→ Task brief
Within the lines below, the span from the line with "Rosario Toscano, soustanovitelj" to the line with "Solar Ground Light, Waterproof", both ends included, is to be reproduced exactly, with pictures omitted.
Segment Open
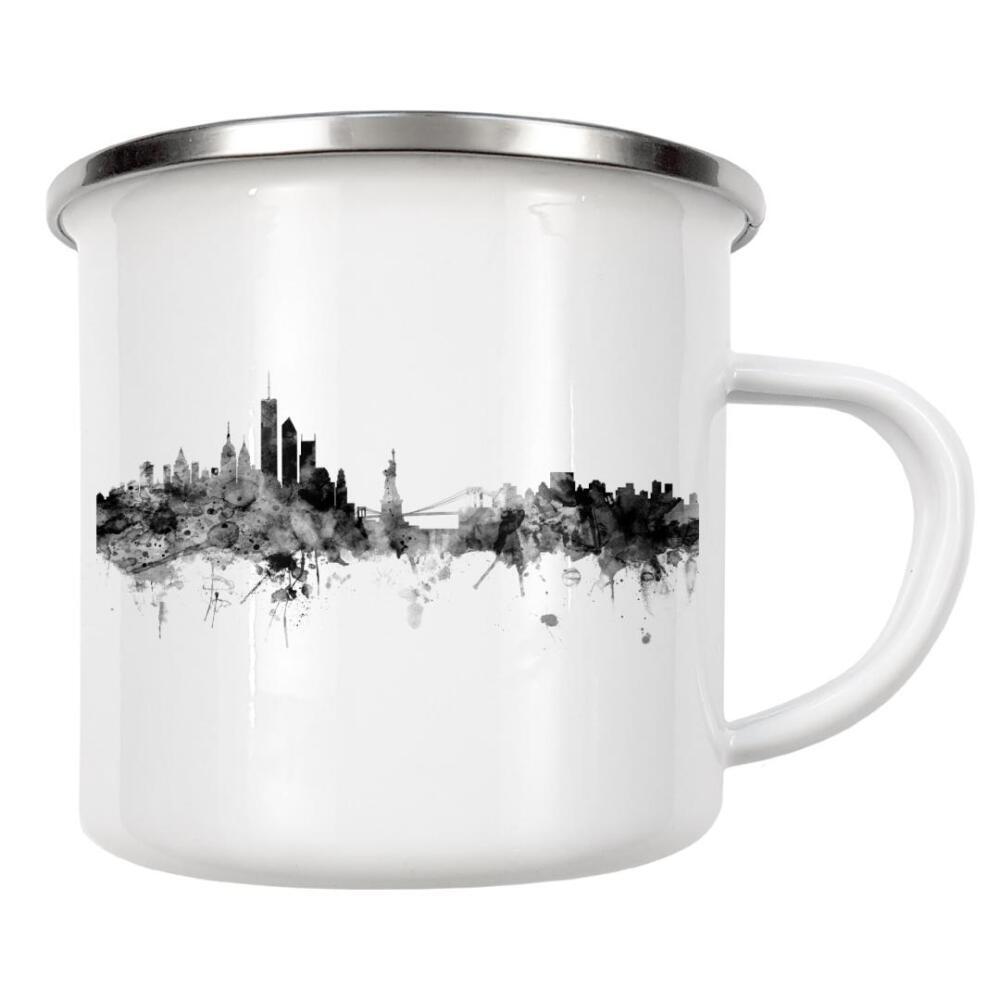 Emaille Tasse "New York 2" artboxONE - Städte,Reise,Schwarzweiß - Nyc,Big apple,Liberty island,Manhattan,Skyline,Cityscape
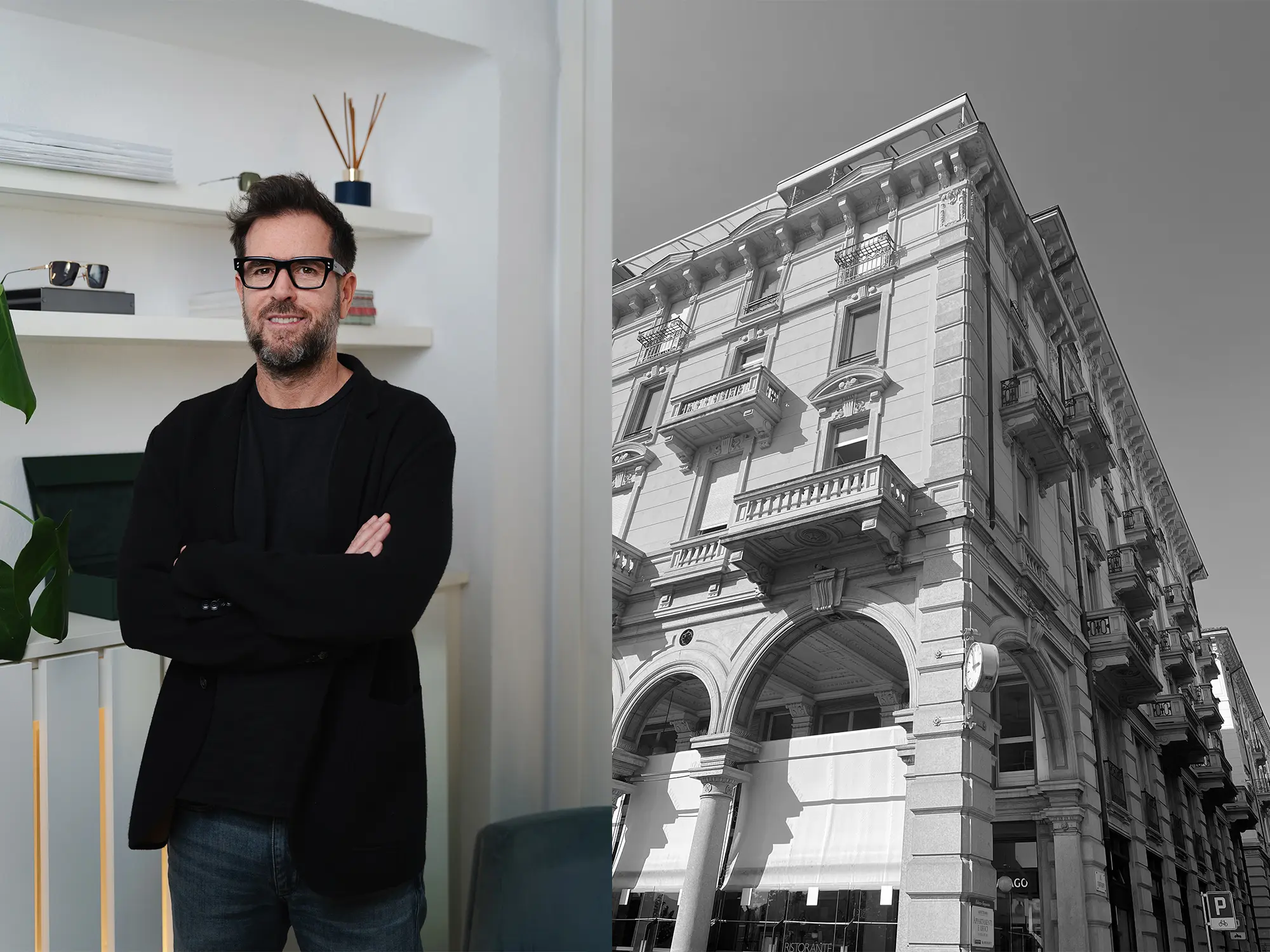 Rosario Toscano, soustanovitelj Akoni Eyewear, v svojem studiu in pogled na sedež podjetja v Luganu – luksuzna očala, oblikovana za moške z izostrenim okusom. Rosario Toscano, co-founder of Akoni Eyewear, in his studio alongside the headquarters in Lugano – luxury eyewear designed for men with refined taste.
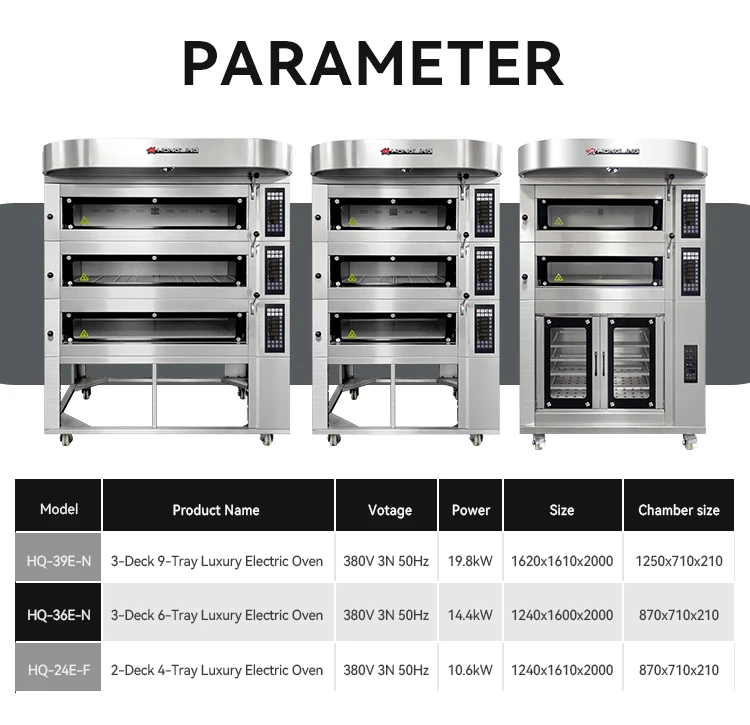 Commercial 3 Deck 9 Trays Luxury Baking Oven Machine Bread Electric Oven
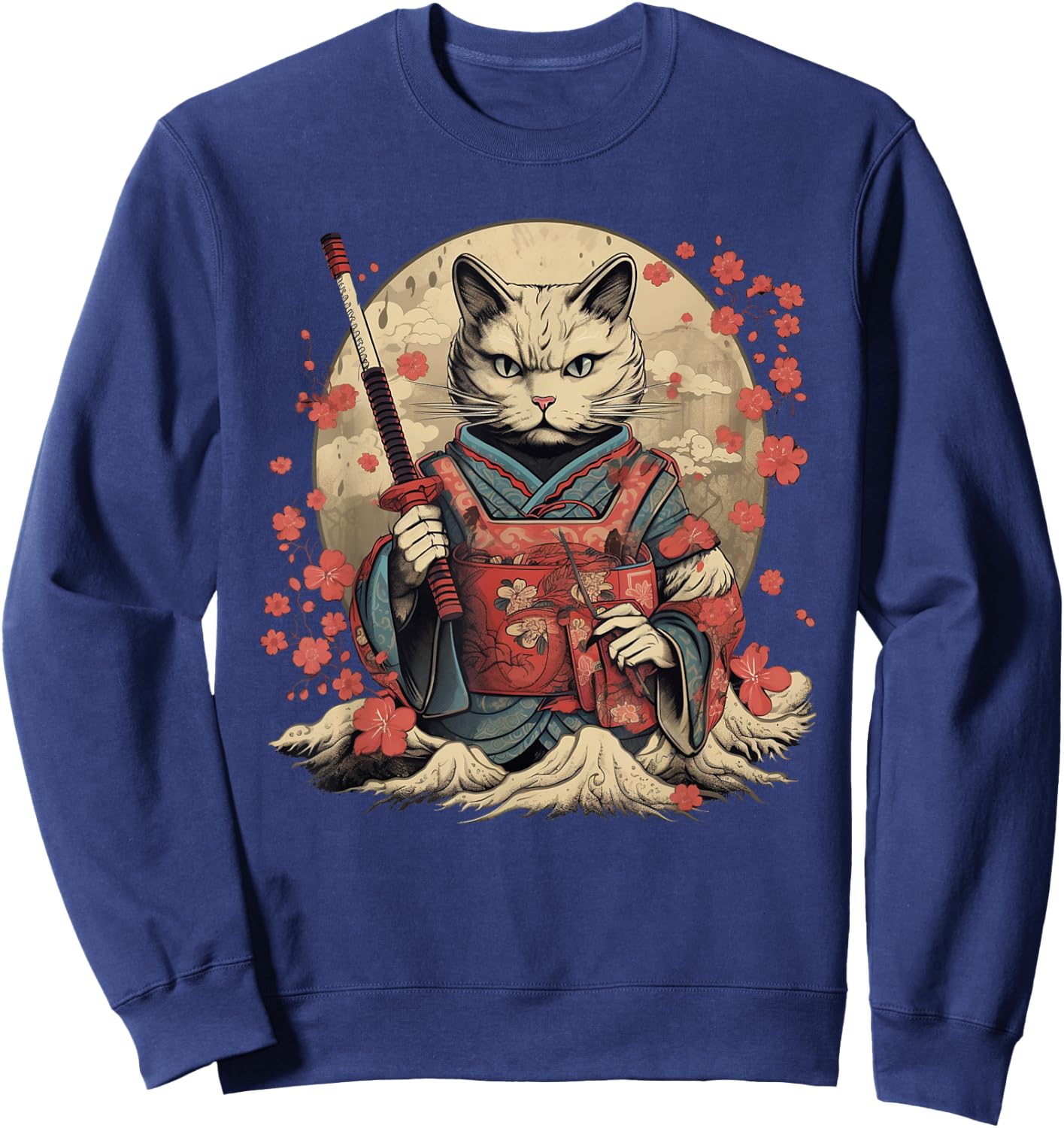 Vintage Japanese Samurai Ninja Cat Tattoo Kawaii Sweatshirt - Sweatshirt | Navy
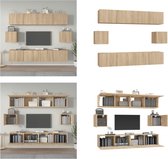 vidaXL 6-delige Tv-meubelset bewerkt hout sonoma eikenkleurig - Tv-kast - Tv-kasten - Tv-meubel - Hifi-meubel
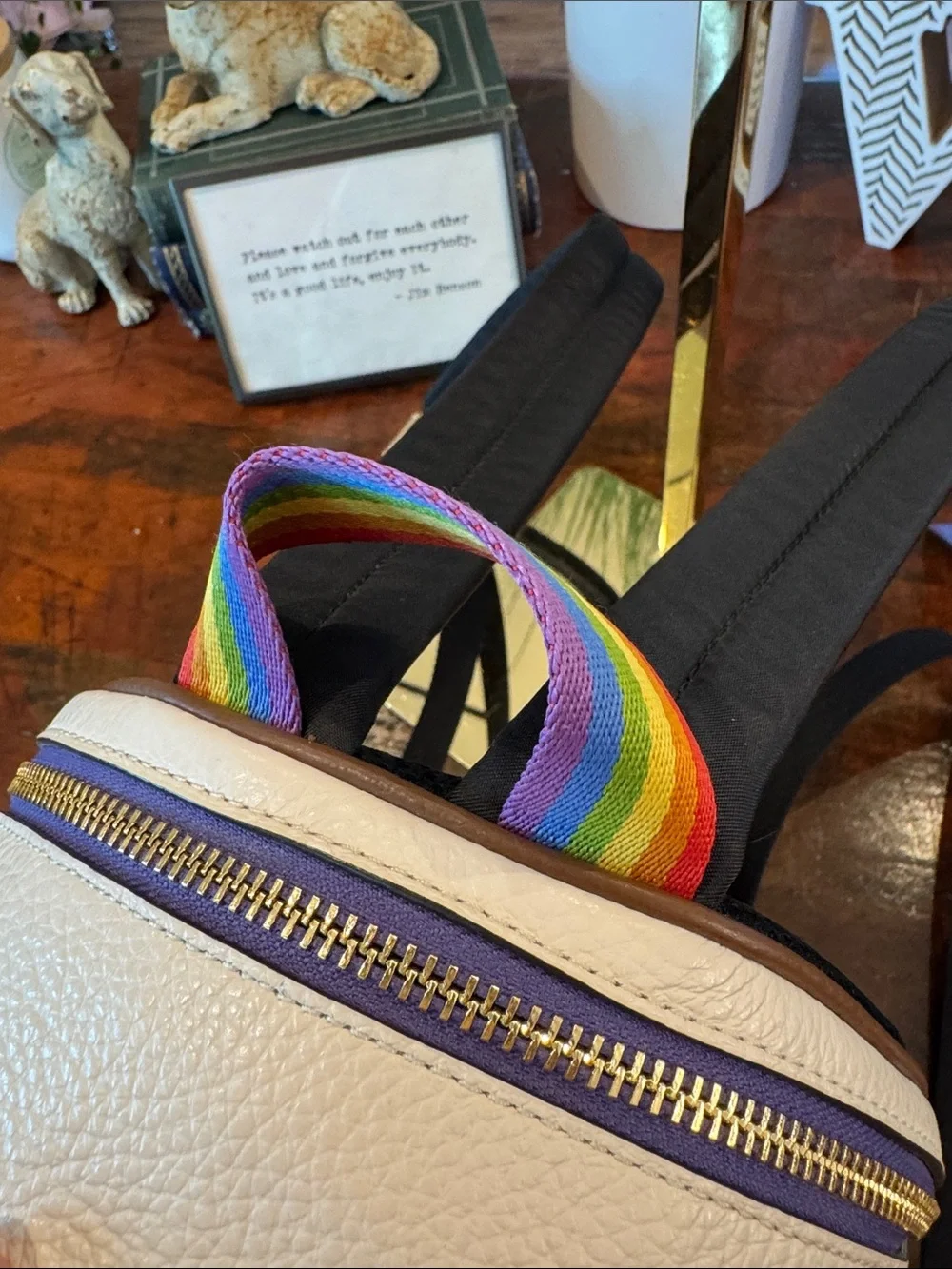 COACH Kids' White Rainbow Logo Mini Backpack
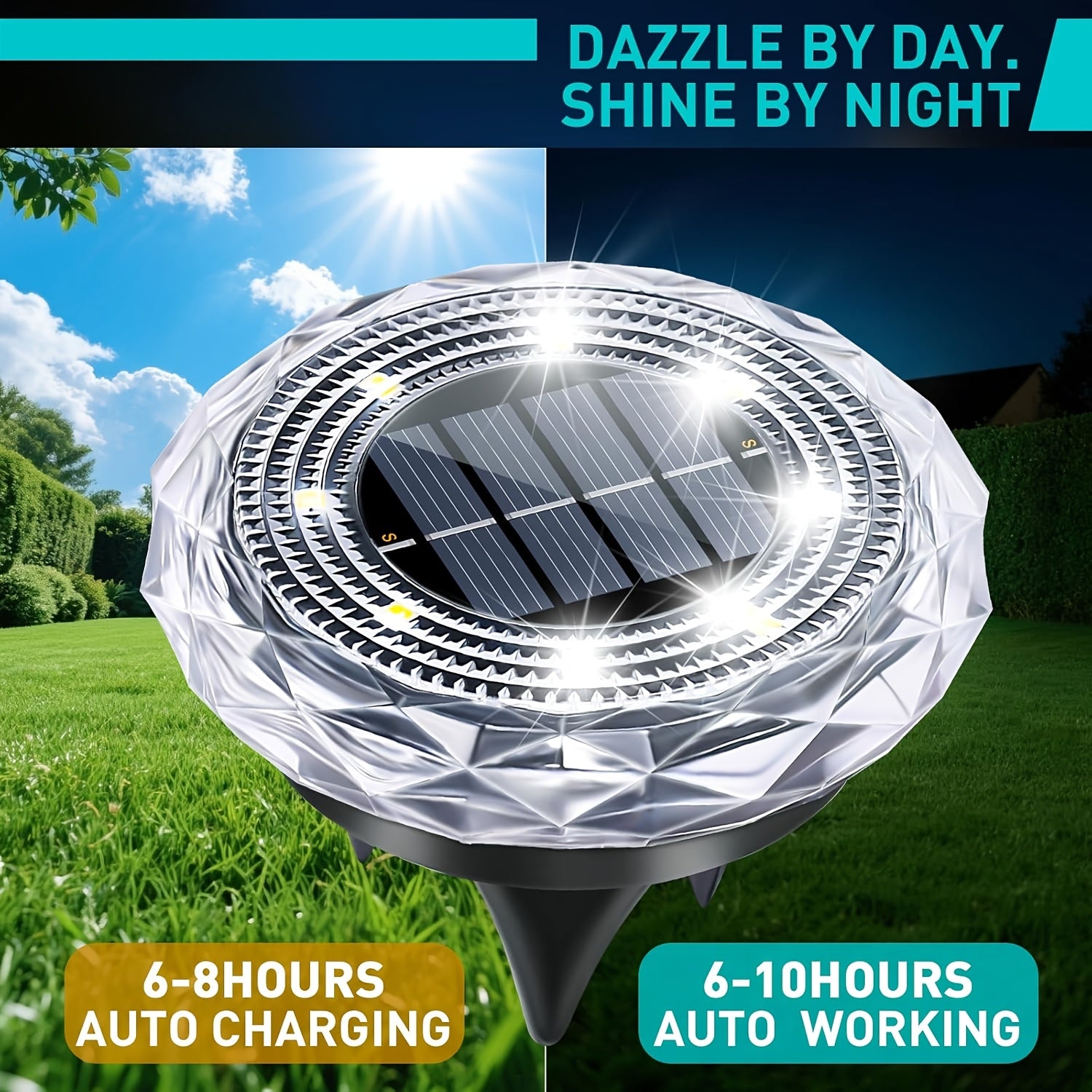 Solar Ground Light, Waterproof Outdoor Solar Light, Solar Garden Light Suitable for Courtyard, High Brightness Solar Disc Light, Recessed Landscape Lighting, Suitable for Patio, Path, Walkway, Driveway, White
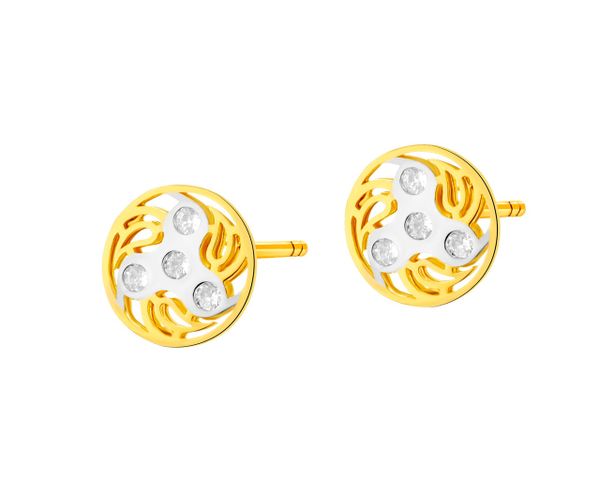 Złote kolczyki z cyrkoniami. Żółte kolczyki Apart, z cyrkonią, złote. Za 569.00 zł.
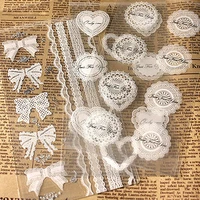 1pack vintage white lace and transparent gilding style sealing sticker diy creative baking decoration label stickers
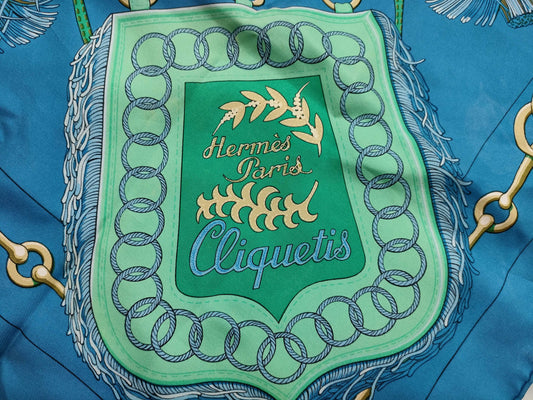 Hermes Carré 90 Silk multicolor, Blue, Cotton, Scarf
Segment Closed
→ Result for this exercise
 Rosario Toscano, soustanovitelj Akoni Eyewear, v svojem studiu in pogled na sedež podjetja v Luganu – luksuzna očala, oblikovana za moške z izostrenim okusom. Rosario Toscano, co-founder of Akoni Eyewear, in his studio alongside the headquarters in Lugano – luxury eyewear designed for men with refined taste.
 Commercial 3 Deck 9 Trays Luxury Baking Oven Machine Bread Electric Oven
 Vintage Japanese Samurai Ninja Cat Tattoo Kawaii Sweatshirt - Sweatshirt | Navy
 vidaXL 6-delige Tv-meubelset bewerkt hout sonoma eikenkleurig - Tv-kast - Tv-kasten - Tv-meubel - Hifi-meubel
 COACH Kids' White Rainbow Logo Mini Backpack
 Solar Ground Light, Waterproof Outdoor Solar Light, Solar Garden Light Suitable for Courtyard, High Brightness Solar Disc Light, Recessed Landscape Lighting, Suitable for Patio, Path, Walkway, Driveway, White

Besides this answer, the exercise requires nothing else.